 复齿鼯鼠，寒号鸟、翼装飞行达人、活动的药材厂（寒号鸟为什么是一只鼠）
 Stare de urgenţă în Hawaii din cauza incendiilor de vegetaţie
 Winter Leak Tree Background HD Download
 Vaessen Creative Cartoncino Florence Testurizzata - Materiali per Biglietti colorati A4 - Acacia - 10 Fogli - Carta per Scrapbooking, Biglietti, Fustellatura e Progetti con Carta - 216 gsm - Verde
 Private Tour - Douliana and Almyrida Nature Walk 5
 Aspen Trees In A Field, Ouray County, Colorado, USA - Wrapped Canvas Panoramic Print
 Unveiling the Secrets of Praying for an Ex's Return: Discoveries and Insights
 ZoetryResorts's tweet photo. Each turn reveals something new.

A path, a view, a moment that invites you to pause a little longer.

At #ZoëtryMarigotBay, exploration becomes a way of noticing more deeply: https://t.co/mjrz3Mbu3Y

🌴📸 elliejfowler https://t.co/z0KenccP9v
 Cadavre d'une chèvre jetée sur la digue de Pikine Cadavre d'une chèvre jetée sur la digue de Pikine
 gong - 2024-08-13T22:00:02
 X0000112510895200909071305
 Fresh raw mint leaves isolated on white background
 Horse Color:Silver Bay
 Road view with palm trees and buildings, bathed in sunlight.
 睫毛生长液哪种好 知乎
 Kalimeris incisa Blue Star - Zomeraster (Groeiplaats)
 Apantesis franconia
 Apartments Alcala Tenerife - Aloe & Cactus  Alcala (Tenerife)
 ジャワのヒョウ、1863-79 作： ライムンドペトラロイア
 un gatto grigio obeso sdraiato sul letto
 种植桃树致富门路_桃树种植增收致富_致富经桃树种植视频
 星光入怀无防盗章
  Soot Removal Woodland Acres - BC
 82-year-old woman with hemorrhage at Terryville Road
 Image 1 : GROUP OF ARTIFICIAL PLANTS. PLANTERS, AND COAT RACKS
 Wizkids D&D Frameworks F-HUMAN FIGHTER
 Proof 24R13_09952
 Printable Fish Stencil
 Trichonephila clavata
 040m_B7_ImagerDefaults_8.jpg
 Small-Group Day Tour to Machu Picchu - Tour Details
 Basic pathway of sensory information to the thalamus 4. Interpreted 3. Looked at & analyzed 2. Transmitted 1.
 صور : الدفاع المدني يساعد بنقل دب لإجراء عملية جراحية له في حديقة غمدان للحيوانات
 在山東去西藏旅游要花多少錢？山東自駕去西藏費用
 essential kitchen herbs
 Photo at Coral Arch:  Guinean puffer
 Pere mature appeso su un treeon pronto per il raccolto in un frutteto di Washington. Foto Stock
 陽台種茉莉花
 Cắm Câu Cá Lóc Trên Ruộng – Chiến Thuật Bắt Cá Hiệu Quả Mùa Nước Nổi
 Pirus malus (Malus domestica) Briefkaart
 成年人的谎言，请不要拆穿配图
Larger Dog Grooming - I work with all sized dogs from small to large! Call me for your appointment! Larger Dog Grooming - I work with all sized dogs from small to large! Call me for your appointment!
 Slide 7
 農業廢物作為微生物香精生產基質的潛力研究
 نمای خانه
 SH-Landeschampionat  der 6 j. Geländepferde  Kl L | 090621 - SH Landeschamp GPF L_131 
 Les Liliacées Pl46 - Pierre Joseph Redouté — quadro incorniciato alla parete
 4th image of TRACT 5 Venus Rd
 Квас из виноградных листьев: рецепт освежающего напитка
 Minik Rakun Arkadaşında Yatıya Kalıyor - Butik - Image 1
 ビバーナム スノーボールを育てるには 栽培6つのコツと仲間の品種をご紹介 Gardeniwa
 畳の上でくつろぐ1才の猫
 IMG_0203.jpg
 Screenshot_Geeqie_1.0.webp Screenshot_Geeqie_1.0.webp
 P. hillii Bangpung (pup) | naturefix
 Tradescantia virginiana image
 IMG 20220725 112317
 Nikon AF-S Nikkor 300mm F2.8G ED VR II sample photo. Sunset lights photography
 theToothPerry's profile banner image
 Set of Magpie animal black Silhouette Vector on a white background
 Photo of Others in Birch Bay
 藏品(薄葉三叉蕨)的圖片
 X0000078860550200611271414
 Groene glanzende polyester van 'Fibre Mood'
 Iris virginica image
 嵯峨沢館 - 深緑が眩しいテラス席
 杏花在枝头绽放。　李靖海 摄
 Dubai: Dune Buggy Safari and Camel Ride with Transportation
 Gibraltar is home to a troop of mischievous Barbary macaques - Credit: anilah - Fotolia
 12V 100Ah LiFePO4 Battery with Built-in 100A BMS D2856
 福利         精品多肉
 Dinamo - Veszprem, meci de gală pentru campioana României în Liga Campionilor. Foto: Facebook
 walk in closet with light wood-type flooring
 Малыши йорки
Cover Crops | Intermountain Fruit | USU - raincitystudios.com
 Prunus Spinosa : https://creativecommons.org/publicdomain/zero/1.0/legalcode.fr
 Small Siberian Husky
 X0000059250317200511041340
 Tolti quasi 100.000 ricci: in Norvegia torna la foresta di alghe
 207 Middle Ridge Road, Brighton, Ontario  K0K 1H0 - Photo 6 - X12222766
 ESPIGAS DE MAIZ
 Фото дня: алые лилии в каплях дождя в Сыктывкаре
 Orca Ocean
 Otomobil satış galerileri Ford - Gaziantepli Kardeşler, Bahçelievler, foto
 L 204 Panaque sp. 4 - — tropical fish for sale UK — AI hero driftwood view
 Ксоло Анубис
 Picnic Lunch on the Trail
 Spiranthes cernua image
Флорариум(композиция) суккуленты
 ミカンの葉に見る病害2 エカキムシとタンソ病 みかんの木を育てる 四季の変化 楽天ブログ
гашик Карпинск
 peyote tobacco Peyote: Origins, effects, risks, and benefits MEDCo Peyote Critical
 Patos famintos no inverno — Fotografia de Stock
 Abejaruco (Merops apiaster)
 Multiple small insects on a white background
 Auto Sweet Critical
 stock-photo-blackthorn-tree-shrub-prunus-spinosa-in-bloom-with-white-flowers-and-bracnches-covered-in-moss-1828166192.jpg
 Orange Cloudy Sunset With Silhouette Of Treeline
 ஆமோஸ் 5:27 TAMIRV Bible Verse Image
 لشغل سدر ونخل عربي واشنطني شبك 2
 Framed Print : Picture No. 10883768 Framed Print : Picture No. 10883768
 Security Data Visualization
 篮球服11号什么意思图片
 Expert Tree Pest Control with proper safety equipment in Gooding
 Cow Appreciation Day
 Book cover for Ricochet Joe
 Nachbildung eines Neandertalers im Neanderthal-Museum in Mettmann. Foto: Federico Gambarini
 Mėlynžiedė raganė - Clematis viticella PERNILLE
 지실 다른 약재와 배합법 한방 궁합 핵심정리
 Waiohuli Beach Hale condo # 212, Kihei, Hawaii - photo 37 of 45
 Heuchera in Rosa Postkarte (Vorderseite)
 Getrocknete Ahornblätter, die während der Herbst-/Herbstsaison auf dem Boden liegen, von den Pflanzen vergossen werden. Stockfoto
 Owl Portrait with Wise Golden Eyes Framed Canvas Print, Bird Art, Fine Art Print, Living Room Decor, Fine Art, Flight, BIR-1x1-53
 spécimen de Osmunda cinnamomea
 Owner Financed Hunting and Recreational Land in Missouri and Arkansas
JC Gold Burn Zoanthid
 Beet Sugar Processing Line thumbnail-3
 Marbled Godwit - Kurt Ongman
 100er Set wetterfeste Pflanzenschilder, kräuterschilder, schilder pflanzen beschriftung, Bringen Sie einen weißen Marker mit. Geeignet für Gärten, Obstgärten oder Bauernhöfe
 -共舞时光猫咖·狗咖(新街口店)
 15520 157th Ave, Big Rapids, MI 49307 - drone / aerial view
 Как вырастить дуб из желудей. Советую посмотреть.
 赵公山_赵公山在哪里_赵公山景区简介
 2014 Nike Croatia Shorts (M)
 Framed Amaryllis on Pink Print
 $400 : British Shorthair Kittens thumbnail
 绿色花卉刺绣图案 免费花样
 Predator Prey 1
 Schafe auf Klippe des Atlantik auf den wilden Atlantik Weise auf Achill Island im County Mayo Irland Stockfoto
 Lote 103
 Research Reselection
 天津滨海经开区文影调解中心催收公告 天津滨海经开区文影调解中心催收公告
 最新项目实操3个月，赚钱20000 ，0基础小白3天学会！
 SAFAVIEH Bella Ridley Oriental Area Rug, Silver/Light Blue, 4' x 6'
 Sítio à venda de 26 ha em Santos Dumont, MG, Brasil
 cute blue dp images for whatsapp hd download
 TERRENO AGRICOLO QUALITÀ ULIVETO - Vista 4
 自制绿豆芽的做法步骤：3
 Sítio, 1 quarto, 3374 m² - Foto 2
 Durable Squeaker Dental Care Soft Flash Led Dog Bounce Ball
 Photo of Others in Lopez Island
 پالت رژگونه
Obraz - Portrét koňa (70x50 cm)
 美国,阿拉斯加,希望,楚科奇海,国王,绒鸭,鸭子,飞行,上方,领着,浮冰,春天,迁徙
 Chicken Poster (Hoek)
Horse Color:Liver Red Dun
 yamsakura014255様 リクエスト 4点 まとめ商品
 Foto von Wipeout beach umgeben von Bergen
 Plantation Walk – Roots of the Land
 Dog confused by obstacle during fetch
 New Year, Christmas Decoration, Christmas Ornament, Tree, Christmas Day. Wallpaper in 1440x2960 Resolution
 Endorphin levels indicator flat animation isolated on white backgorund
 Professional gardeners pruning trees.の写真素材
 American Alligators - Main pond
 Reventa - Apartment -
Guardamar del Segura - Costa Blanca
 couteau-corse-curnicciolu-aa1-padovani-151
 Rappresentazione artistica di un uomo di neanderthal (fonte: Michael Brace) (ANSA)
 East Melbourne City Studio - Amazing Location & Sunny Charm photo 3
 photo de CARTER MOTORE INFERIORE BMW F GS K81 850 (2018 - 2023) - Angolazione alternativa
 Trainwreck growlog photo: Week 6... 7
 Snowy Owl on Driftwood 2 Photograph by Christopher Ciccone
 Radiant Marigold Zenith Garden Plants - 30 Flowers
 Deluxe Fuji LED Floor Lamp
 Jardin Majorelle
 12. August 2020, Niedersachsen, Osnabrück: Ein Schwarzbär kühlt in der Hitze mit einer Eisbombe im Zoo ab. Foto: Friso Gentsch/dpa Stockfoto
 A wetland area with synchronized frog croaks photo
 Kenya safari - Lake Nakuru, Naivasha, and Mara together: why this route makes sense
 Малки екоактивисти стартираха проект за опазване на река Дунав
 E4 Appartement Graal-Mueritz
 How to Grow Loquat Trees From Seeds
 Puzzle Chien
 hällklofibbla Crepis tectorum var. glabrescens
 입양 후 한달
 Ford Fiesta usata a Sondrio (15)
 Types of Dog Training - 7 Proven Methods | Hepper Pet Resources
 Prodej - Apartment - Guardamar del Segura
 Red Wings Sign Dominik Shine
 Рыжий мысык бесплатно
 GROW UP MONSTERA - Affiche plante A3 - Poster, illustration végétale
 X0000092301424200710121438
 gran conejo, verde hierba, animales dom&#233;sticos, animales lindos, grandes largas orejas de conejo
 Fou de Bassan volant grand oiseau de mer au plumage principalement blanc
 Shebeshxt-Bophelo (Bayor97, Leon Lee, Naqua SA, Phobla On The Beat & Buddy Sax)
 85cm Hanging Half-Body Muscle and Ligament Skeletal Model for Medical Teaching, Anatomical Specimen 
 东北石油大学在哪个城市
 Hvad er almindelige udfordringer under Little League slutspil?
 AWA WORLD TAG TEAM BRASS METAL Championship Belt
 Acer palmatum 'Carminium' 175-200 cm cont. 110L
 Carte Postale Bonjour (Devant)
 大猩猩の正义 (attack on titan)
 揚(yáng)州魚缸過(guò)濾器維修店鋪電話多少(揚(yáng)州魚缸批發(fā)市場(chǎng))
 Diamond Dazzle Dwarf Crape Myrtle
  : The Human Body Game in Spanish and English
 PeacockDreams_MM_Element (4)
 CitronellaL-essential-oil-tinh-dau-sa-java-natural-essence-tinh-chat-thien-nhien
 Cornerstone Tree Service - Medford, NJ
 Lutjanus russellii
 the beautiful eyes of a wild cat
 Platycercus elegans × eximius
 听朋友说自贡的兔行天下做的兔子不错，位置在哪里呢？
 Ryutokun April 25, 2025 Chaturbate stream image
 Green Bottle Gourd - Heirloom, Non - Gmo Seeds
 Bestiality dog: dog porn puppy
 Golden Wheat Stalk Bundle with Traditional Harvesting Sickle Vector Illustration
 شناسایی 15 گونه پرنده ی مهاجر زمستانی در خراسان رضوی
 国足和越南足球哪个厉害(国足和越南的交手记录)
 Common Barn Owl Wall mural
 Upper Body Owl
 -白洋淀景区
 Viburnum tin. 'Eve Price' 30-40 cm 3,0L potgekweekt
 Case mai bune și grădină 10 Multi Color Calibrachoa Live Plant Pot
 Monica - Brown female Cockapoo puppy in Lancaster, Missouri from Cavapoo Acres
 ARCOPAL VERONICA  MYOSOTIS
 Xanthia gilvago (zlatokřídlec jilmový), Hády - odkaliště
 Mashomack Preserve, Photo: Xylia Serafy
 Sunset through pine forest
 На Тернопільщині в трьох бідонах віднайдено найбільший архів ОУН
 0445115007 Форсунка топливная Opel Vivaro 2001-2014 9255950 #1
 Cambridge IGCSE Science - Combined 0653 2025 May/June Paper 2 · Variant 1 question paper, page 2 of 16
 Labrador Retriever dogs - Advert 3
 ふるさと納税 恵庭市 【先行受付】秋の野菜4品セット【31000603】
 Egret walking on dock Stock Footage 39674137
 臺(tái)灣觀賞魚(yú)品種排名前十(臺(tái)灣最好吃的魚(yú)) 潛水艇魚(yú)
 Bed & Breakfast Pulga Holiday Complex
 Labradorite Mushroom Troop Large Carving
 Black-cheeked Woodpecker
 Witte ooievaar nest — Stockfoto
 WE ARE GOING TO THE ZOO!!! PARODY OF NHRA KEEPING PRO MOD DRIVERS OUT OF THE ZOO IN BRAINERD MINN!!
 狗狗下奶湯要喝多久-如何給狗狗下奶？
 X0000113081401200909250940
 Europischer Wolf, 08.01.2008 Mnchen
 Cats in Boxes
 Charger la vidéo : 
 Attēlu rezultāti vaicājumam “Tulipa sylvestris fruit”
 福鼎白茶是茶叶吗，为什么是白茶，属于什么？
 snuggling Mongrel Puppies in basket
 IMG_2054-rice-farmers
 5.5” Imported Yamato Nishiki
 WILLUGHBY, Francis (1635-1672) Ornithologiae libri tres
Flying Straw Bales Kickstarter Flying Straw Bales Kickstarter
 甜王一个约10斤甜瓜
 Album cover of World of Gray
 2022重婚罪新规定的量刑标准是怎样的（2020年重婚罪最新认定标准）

· · ·

**ASSIGNMENT**. The exact lines of the material above starting at the one that contains "Lutjanus russellii" and ending at the one that contains "Attēlu rezultāti vaicājumam" are what to retype; leave out everything else.

**SOLUTION FOR THIS PROBLEM**.
 Lutjanus russellii
 the beautiful eyes of a wild cat
 Platycercus elegans × eximius
 听朋友说自贡的兔行天下做的兔子不错，位置在哪里呢？
 Ryutokun April 25, 2025 Chaturbate stream image
 Green Bottle Gourd - Heirloom, Non - Gmo Seeds
 Bestiality dog: dog porn puppy
 Golden Wheat Stalk Bundle with Traditional Harvesting Sickle Vector Illustration
 شناسایی 15 گونه پرنده ی مهاجر زمستانی در خراسان رضوی
 国足和越南足球哪个厉害(国足和越南的交手记录)
 Common Barn Owl Wall mural
 Upper Body Owl
 -白洋淀景区
 Viburnum tin. 'Eve Price' 30-40 cm 3,0L potgekweekt
 Case mai bune și grădină 10 Multi Color Calibrachoa Live Plant Pot
 Monica - Brown female Cockapoo puppy in Lancaster, Missouri from Cavapoo Acres
 ARCOPAL VERONICA  MYOSOTIS
 Xanthia gilvago (zlatokřídlec jilmový), Hády - odkaliště
 Mashomack Preserve, Photo: Xylia Serafy
 Sunset through pine forest
 На Тернопільщині в трьох бідонах віднайдено найбільший архів ОУН
 0445115007 Форсунка топливная Opel Vivaro 2001-2014 9255950 #1
 Cambridge IGCSE Science - Combined 0653 2025 May/June Paper 2 · Variant 1 question paper, page 2 of 16
 Labrador Retriever dogs - Advert 3
 ふるさと納税 恵庭市 【先行受付】秋の野菜4品セット【31000603】
 Egret walking on dock Stock Footage 39674137
 臺(tái)灣觀賞魚(yú)品種排名前十(臺(tái)灣最好吃的魚(yú)) 潛水艇魚(yú)
 Bed & Breakfast Pulga Holiday Complex
 Labradorite Mushroom Troop Large Carving
 Black-cheeked Woodpecker
 Witte ooievaar nest — Stockfoto
 WE ARE GOING TO THE ZOO!!! PARODY OF NHRA KEEPING PRO MOD DRIVERS OUT OF THE ZOO IN BRAINERD MINN!!
 狗狗下奶湯要喝多久-如何給狗狗下奶？
 X0000113081401200909250940
 Europischer Wolf, 08.01.2008 Mnchen
 Cats in Boxes
 Charger la vidéo : 
 Attēlu rezultāti vaicājumam “Tulipa sylvestris fruit”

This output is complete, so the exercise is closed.